Viele haben es ihm gewünscht, nicht nur in Serbien, auch in der internationalen Gemeinschaft und in Deutschland. Jetzt hat Ramush Haradinaj, Regierungschef des Kosovo und einer der prominentesten Vertreter der kosovo-albanischen UÇK, die Anklage des UN-Tribunals für Kriegsverbrechen im ehemaligen Jugoslawien ereilt. Haradinaj ist daraufhin zurückgetreten. Der Vorgang wirkt ausgewogen: Zuvor hatte sich Momčilo Perišić, der ehemalige Stabschef der jugoslawischen Streitkräfte, dem Gericht gestellt. Die Anklage gegen Haradinaj stellt sicherlich ein Zugeständnis des Tribunals an die Regierung in Belgrad dar. Sie wiederum kann jetzt an den Verhandlungstisch zurückkehren – in wenigen Monaten sollen ja die Verhandlungen über die Zukunft des Kosovo beginnen. Und die internationale Gemeinschaft will Belgrad dabei mit am Tisch haben.

Dass das UN-Tribunal eine wichtige politische Rolle nicht nur bei der Aufdeckung der Verbrechen in allen Nachfolgestaaten Jugoslawiens spielt, sondern auch ein Hebel für die Demokratisierung und die Etablierung eines modernen Rechtssystems in diesen Staaten ist, sollte nicht kritisiert werden. Doch manchmal stößt die politische Regie auf Unbehagen, wenn hinter juristischen Argumenten eine so kurzfristig angelegte politische Regie sichtbar wird. Sicherlich: Ob jetzt der Exguerilla-Kämpfer mit Massenmördern auf eine Stufe gestellt werden kann, wird das Gericht herausfinden. Für die Status-Verhandlungen ist es jedenfalls nicht schlecht, wenn zweifelhafte Personen am Verhandlungstisch fehlen.
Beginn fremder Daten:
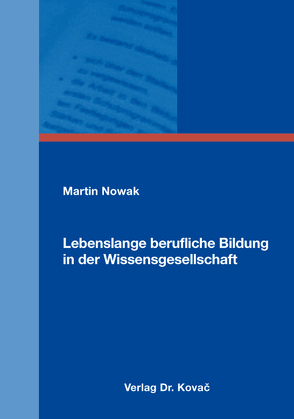 Lebenslange berufliche Bildung in der Wissensgesellschaft von Nowak,  Martin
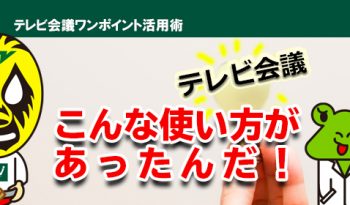 他社はテレビ会議をこんな風に使っています！「こんな使い方があったんだ！」テレビ会議利用事例をご紹介！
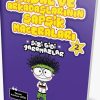 Bilgiseli Yayınları Masal ve Arkadaşlarının Şapşik Maceraları 2 ( Sizi Gidi Yaramazlar )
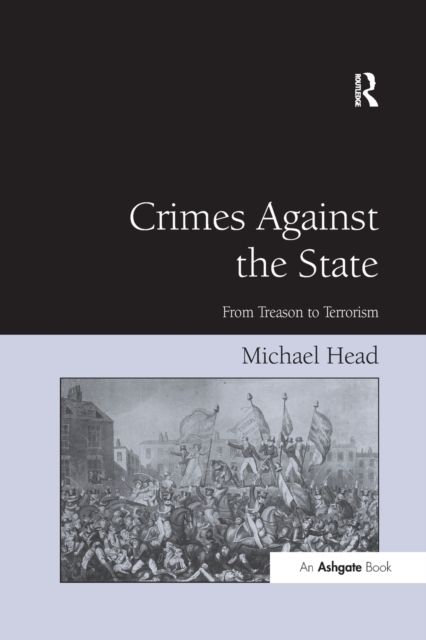 Crimes Against The State : From Treason to Terrorism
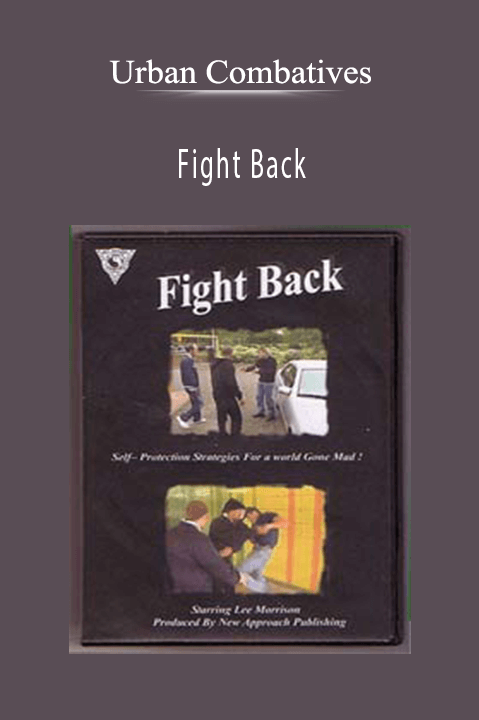Urban Combatives - Fight Back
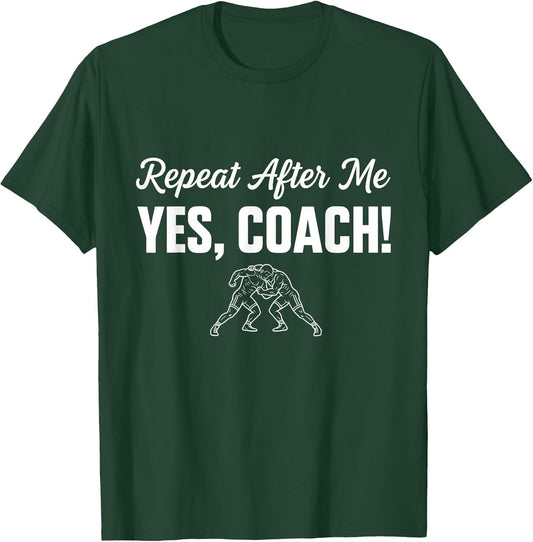 Repeat After Me Yes Coach Wrestling Training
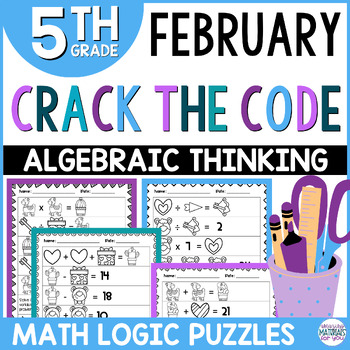 Crack the Code Math Operations Algebraic Thinking Computation Valentines 1 Crack the Code Math Operations Algebraic Thinking Computation Valentines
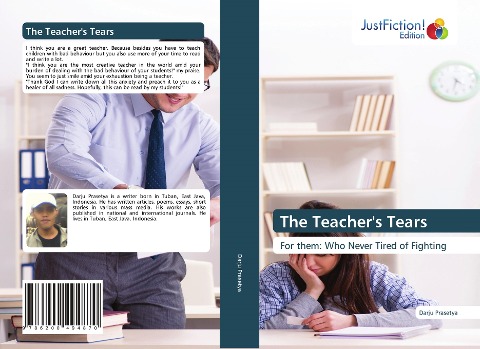 The Teachers Tears: For them: Who Never Tired of Fighting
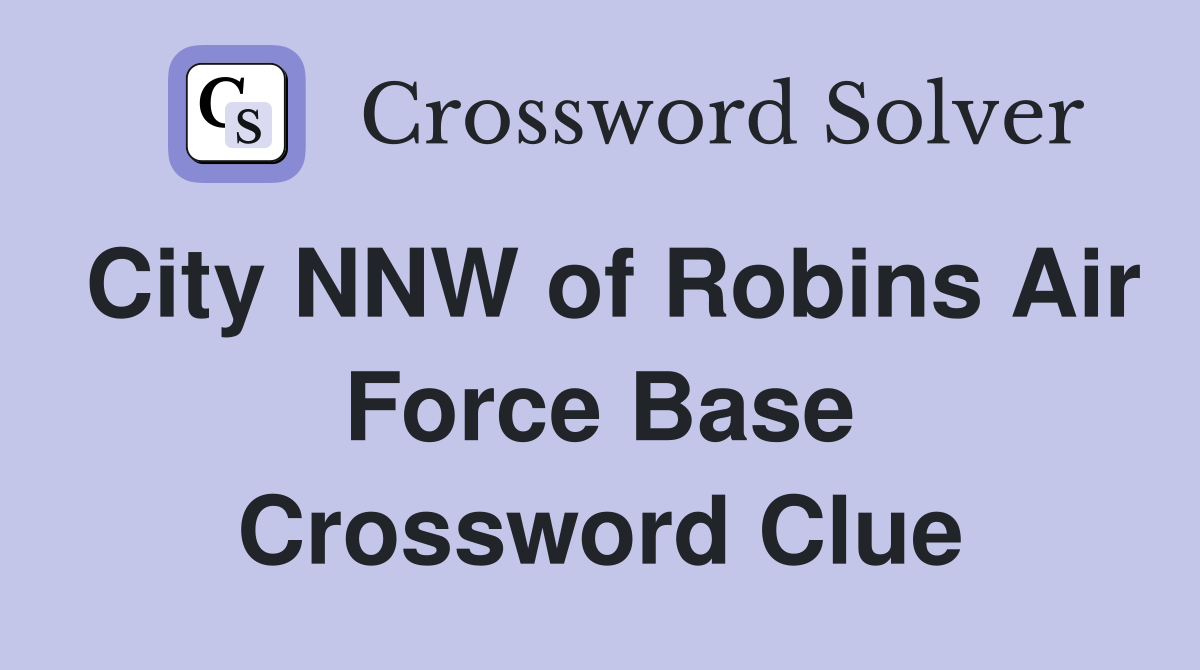 City NNW of Robins Air Force Base Crossword Clue
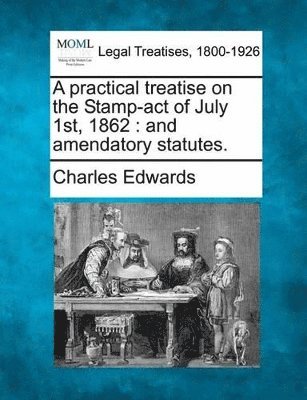 bokomslag A Practical Treatise on the Stamp-Act of July 1st, 1862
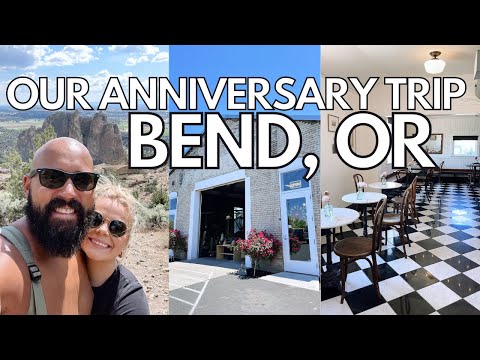 SPEND OUR ANNIVERSARY TRIP WITH US in Bend, Oregon!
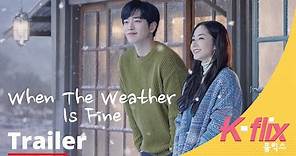 When the Weather is Fine | Trailer | Watch Free on iflix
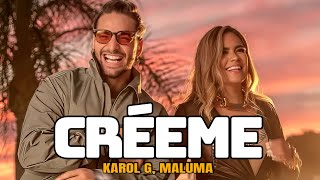 KAROL G Maluma  Créeme Letra [upl. by Neersan]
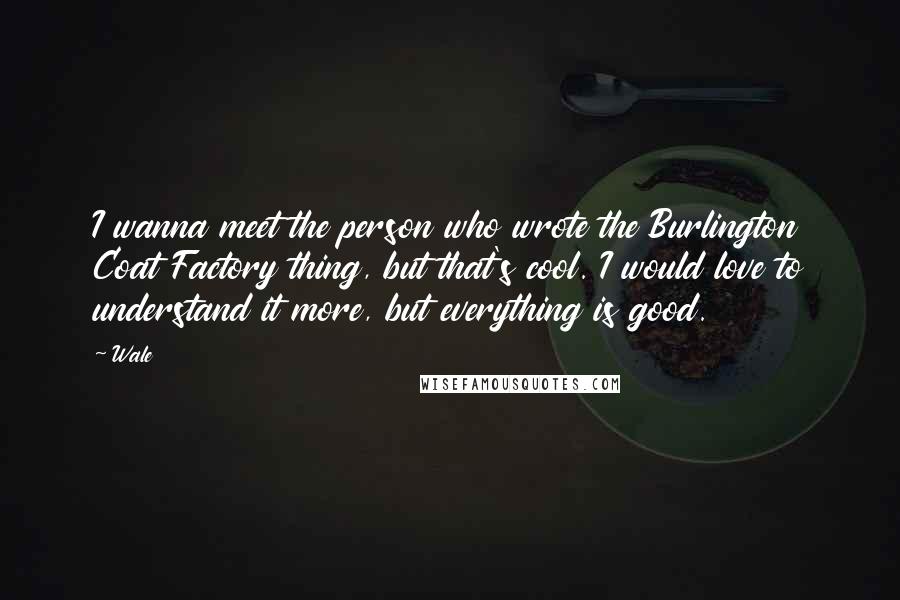Wale Quotes: I wanna meet the person who wrote the Burlington Coat Factory thing, but that's cool. I would love to understand it more, but everything is good.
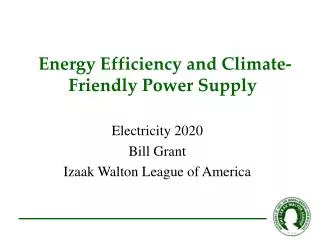 Energy Efficiency and Climate- Friendly Power Supply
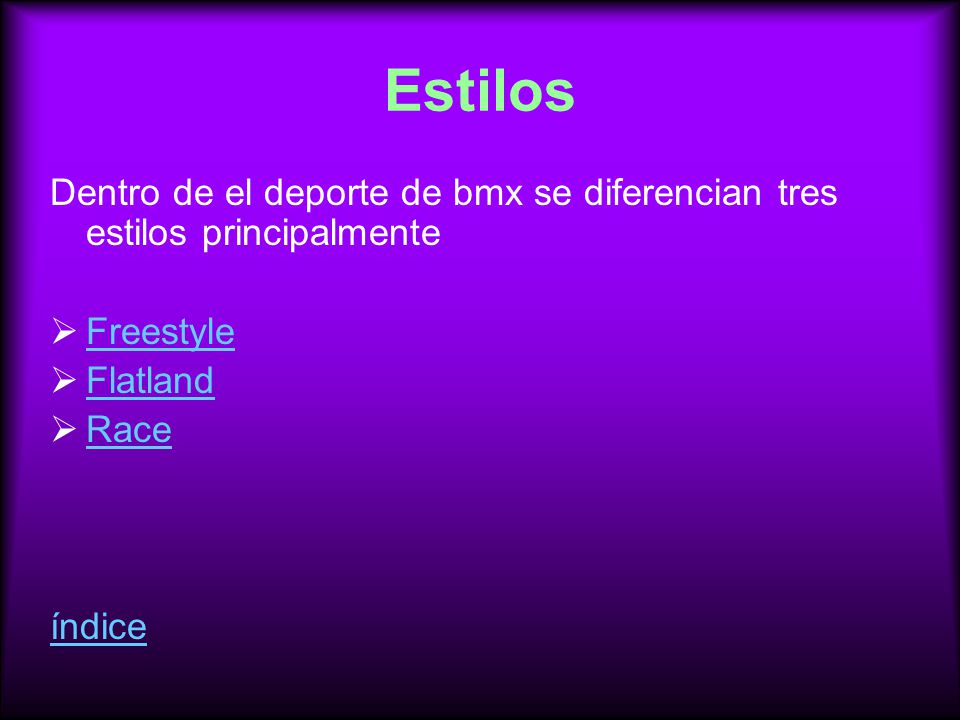 Estilos Dentro de el deporte de bmx se diferencian tres estilos principalmente. Freestyle. Flatland.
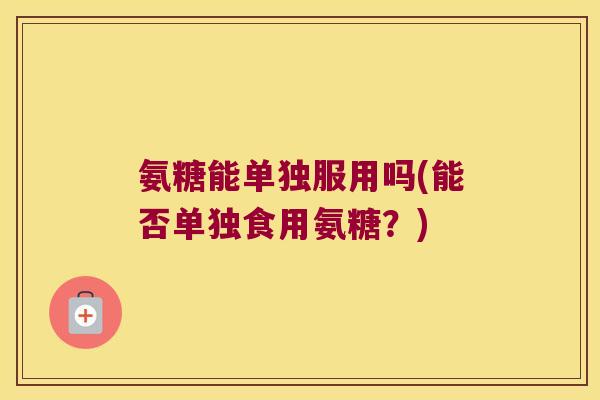 氨糖能单独服用吗(能否单独食用氨糖?) 氨糖能单独服用吗(能否单独食用氨糖?)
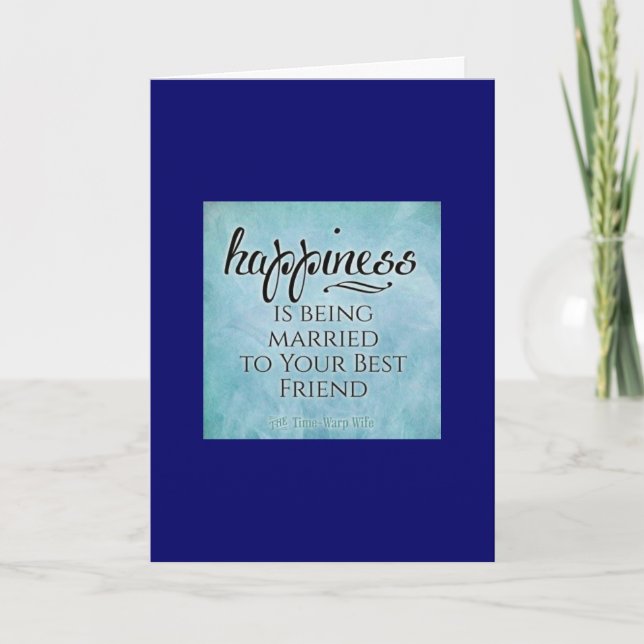 HAPPINESS IS BEING MARRIED TO YOUR BEST FRIEND CARD (Front)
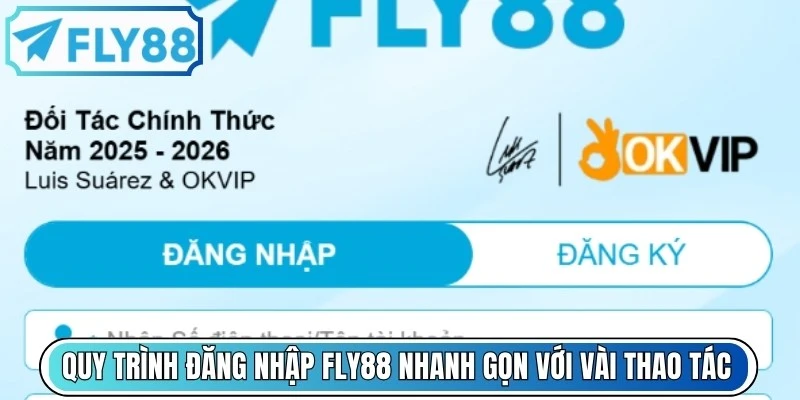 Quy trình đăng nhập FLY88 nhanh gọn chỉ với vài thao tác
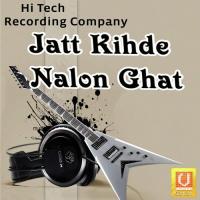 Jatt Kihde Nalon Ghat songs mp3
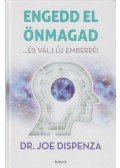Joe Dispenza - Engedd el önmagad - ...és válj új emberré!
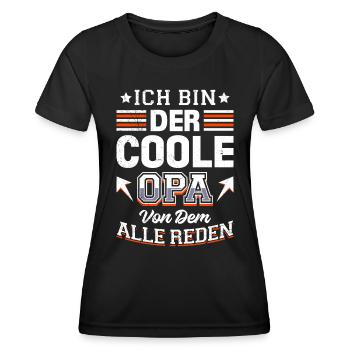 Opi ICH BIN DER COOLE OPA VON DEM ALLE REDEN - Frauen Funktions-T-Shirt - Schwarz - Vorne - AI Model Female 172 light (172cm)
Die Anklage lag schon vor Haradinajs Vereidigung als Ministerpräsident im letzten Herbst in der Luft. Die UN-Mission im Kosovo hätte diesen Amtsantritt verhindern müssen. Jetzt kann sich Haradinaj zudem der Verantwortung für seine mafiösen Verstrickungen nach dem Krieg entziehen und sich als Märtyrer präsentieren. Für die Zukunft Kosovos ist aber entscheidend, dass der neue Staat nicht nur von Kriegsverbrechern, sondern auch von der Mafia befreit wird.